▸ WHAT THE EXERCISE ASKS:
All pictures are to be dropped, and everything else in the data duplicated exactly.

▸ WORKING DATA:

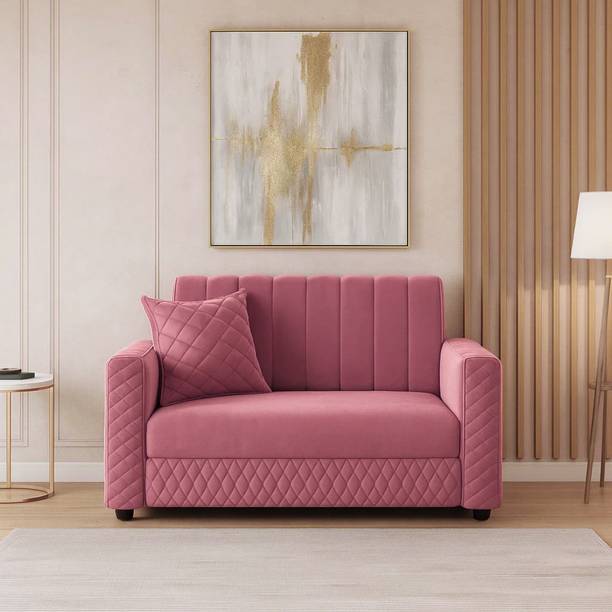 WAKESURE Premium Quality Velvet Fabric 2 Seater  Sofa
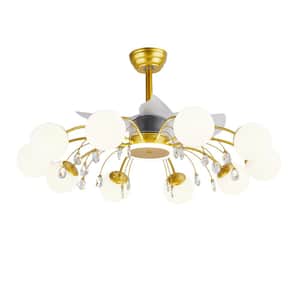 49in. 12-Light Gold LED Ceiling Fan with Light and Remote, Indoor Modern Chandelier Ceiling Fan with Starry Pattern
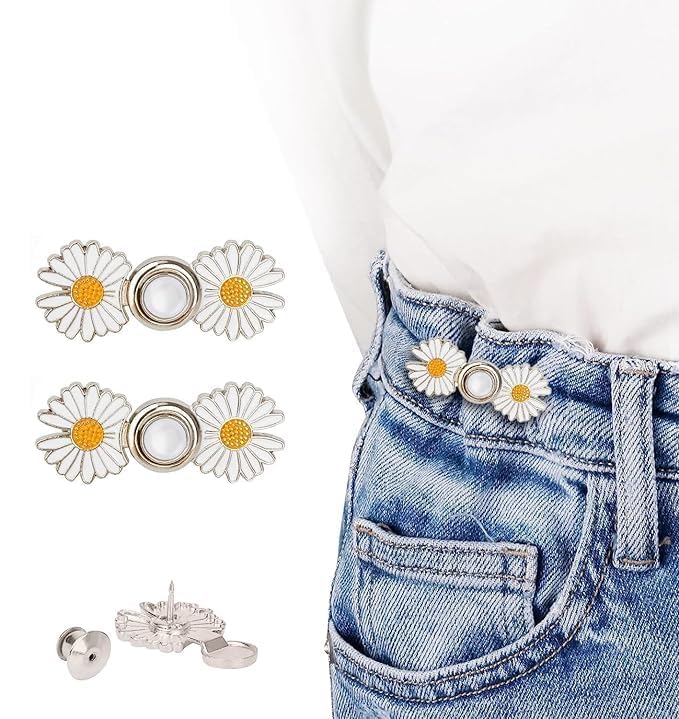 DRUCILA Set of 2 Adjustable Waist Buckle for Loose Jeans Pants, Detachable Instant Jeans Button Pins Waist Tightener Set, Make The Waist Fit for Skirt Pants Robe, No Sewing Required. (White Flower) - Image 1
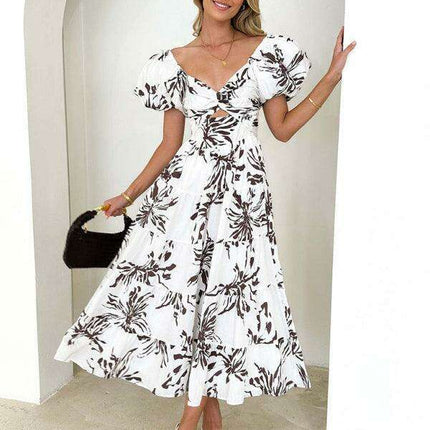 Bohemian Elegance Printed Puff Sleeve A-Line Dress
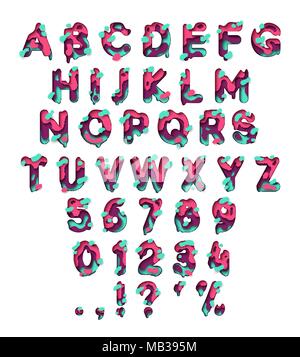 Papier schreiben. Fluid Schriftart, Textur Stil papercut. Design 3d Zeichen auf weißem Hintergrund. Alphabet Schrift von Schmelzen Flüssigkeit. Stock Vektor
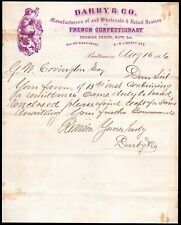 1866 Baltimore Md - Darby & Co - French Confectionary - Rare Letter Head Bill picture
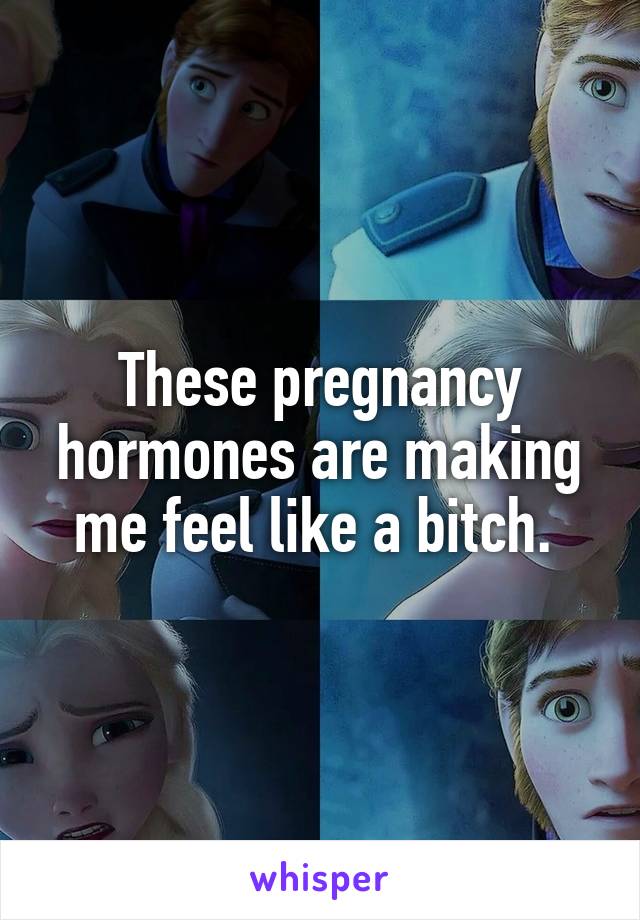 These pregnancy hormones are making me feel like a bitch. 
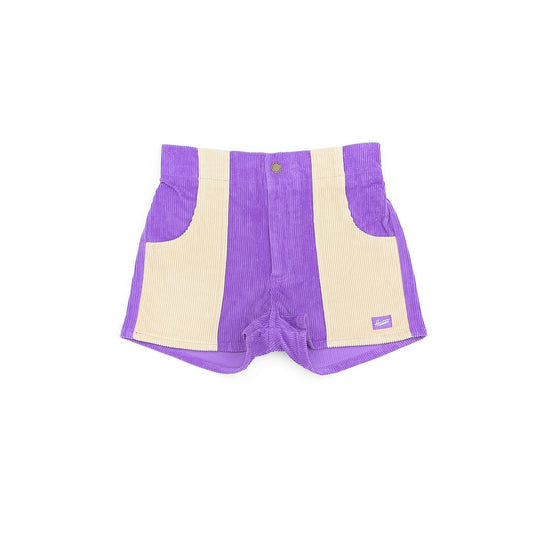 Purple/Sand Two Tone Corduroy Shorts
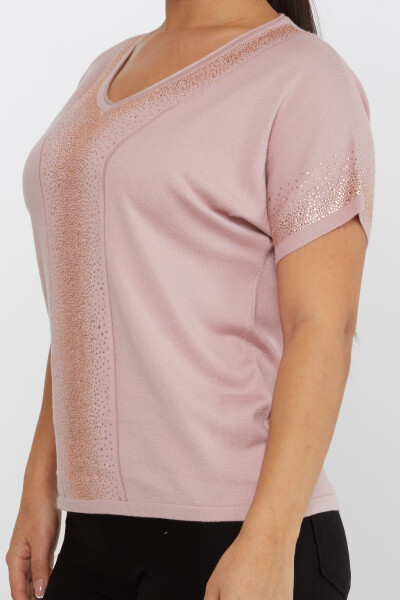 Tricotaj Pulover cu mânecă scurtă brodat cu piatră - 30761 | KAZEE (Set de 4 L-XL-2XL-3XL) - 4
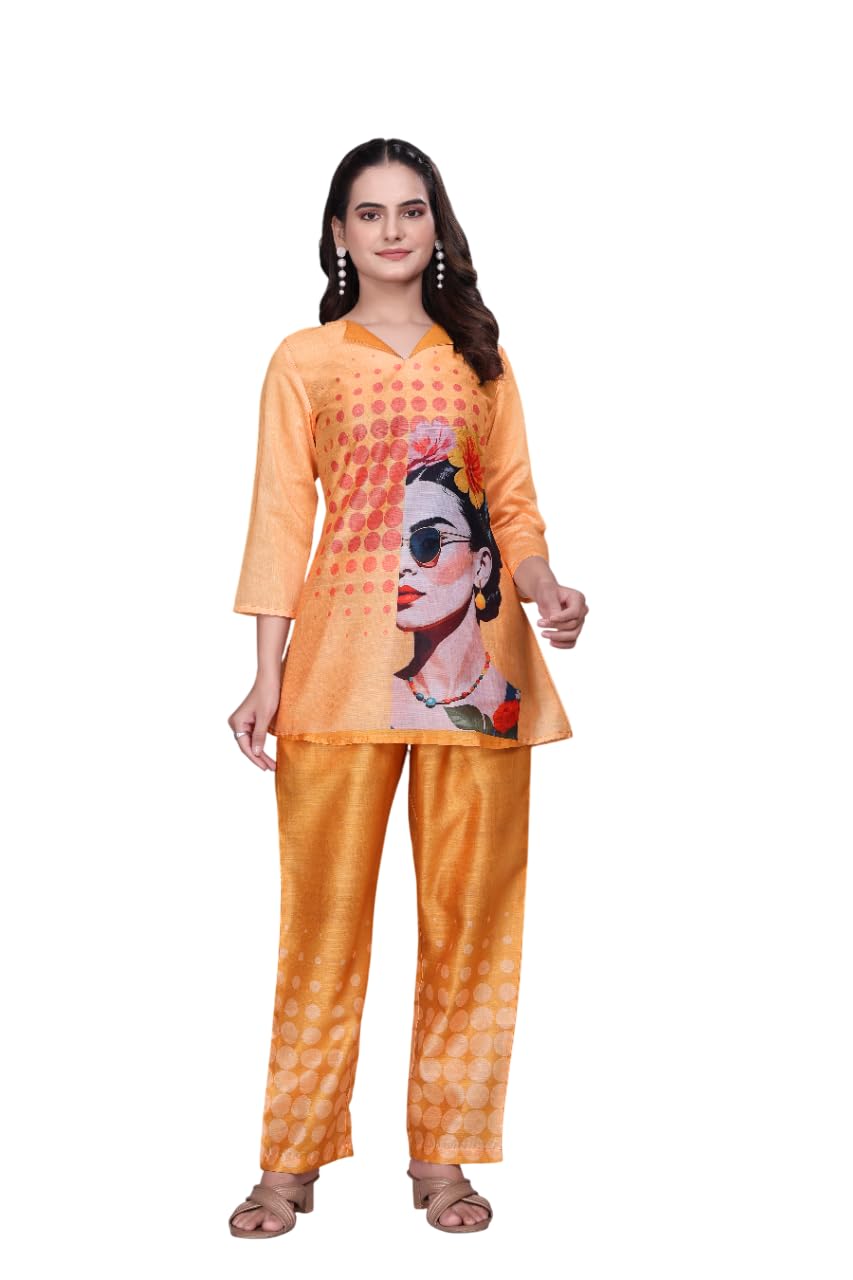 Ensemble ethnique orange avec impression numérique haute définition - 6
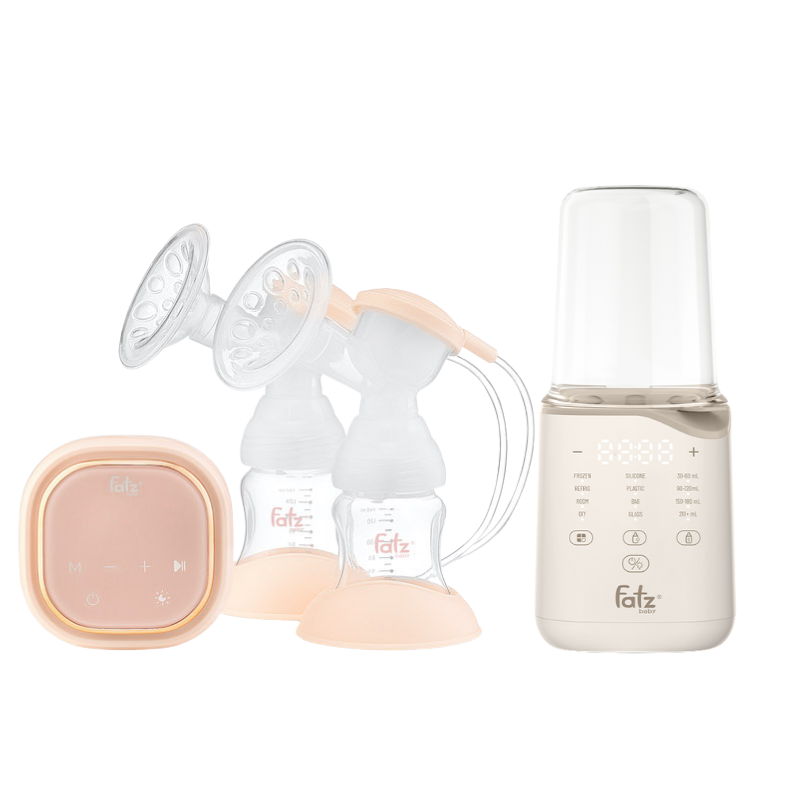 Combo Máy Hút Sữa Điện Đôi Fatzbaby Resonance 3 + Máy Hâm Sữa & Tiệt Trùng Siêu Tốc Thông Minh Fatzbaby Mono 11 Plus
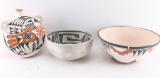 Lot of 2 Pots and a Canteen, Pueblo.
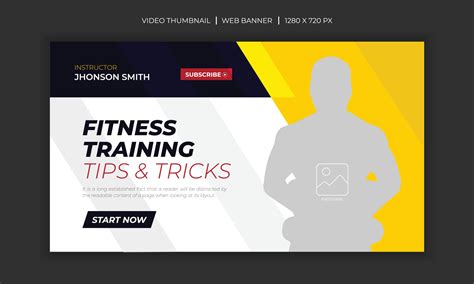 Workout exercise gym fitness web banner and video thumbnail 3330619 Vector Art at Vecteezy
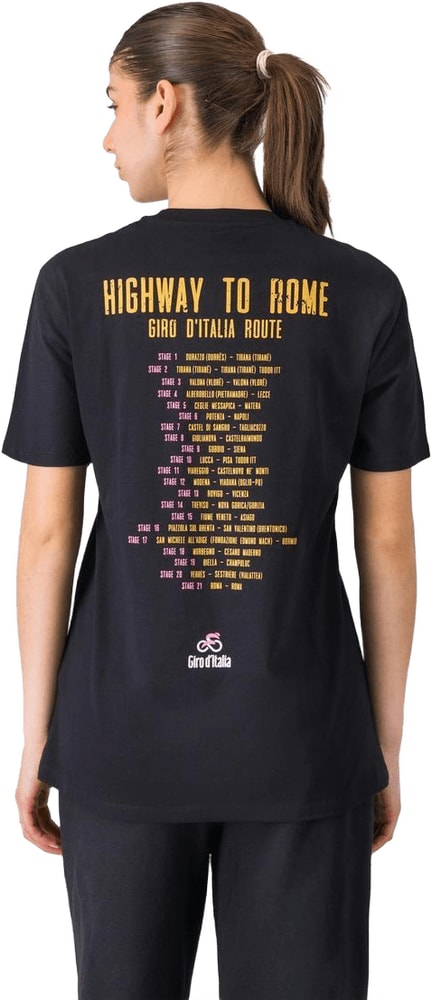 Castelli Giro Highway to Rome SS men's T-shirt in white with graphic design, made from lightweight, breathable fabric.
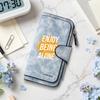 Fashion Long Wallet Enjoy Being Alone Print PU Leather Card Holder Portable Casual Zipper Purse for Daily Use
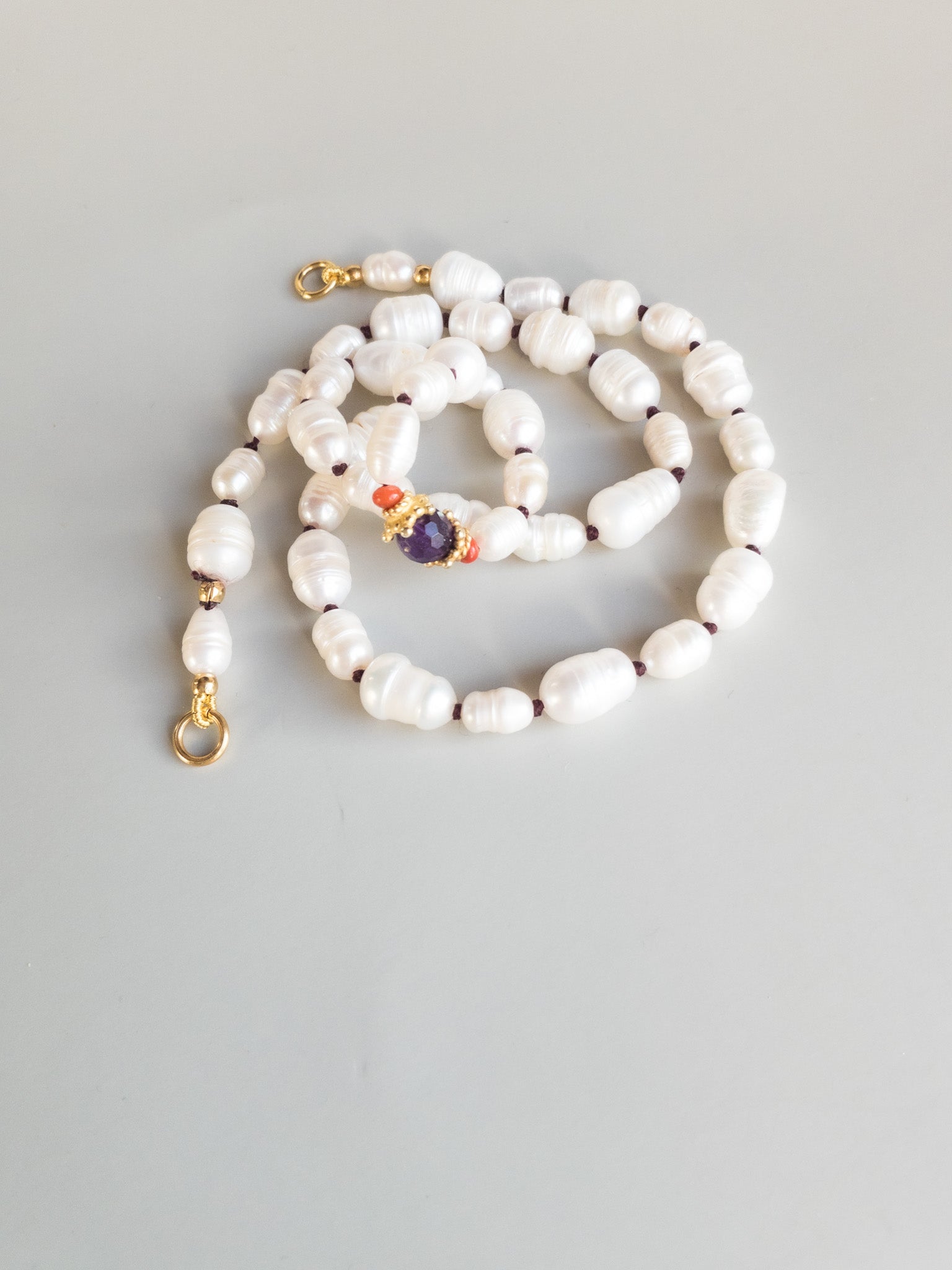 Collier Sana - Perles d'eau douce et améthyste - DIVYA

▸ WRITTEN SOLUTION:
 WAKESURE Premium Quality Velvet Fabric 2 Seater  Sofa
 49in. 12-Light Gold LED Ceiling Fan with Light and Remote, Indoor Modern Chandelier Ceiling Fan with Starry Pattern
 DRUCILA Set of 2 Adjustable Waist Buckle for Loose Jeans Pants, Detachable Instant Jeans Button Pins Waist Tightener Set, Make The Waist Fit for Skirt Pants Robe, No Sewing Required. (White Flower) - Image 1
 Bohemian Elegance Printed Puff Sleeve A-Line Dress
 Papier schreiben. Fluid Schriftart, Textur Stil papercut. Design 3d Zeichen auf weißem Hintergrund. Alphabet Schrift von Schmelzen Flüssigkeit. Stock Vektor
 1866 Baltimore Md - Darby & Co - French Confectionary - Rare Letter Head Bill picture
 These pregnancy hormones are making me feel like a bitch. 
 Purple/Sand Two Tone Corduroy Shorts
 Tricotaj Pulover cu mânecă scurtă brodat cu piatră - 30761 | KAZEE (Set de 4 L-XL-2XL-3XL) - 4
 Ensemble ethnique orange avec impression numérique haute définition - 6
 Combo Máy Hút Sữa Điện Đôi Fatzbaby Resonance 3 + Máy Hâm Sữa & Tiệt Trùng Siêu Tốc Thông Minh Fatzbaby Mono 11 Plus
 Lot of 2 Pots and a Canteen, Pueblo.
 Workout exercise gym fitness web banner and video thumbnail 3330619 Vector Art at Vecteezy
 Castelli Giro Highway to Rome SS men's T-shirt in white with graphic design, made from lightweight, breathable fabric.
 Fashion Long Wallet Enjoy Being Alone Print PU Leather Card Holder Portable Casual Zipper Purse for Daily Use
 Collier Sana - Perles d'eau douce et améthyste - DIVYA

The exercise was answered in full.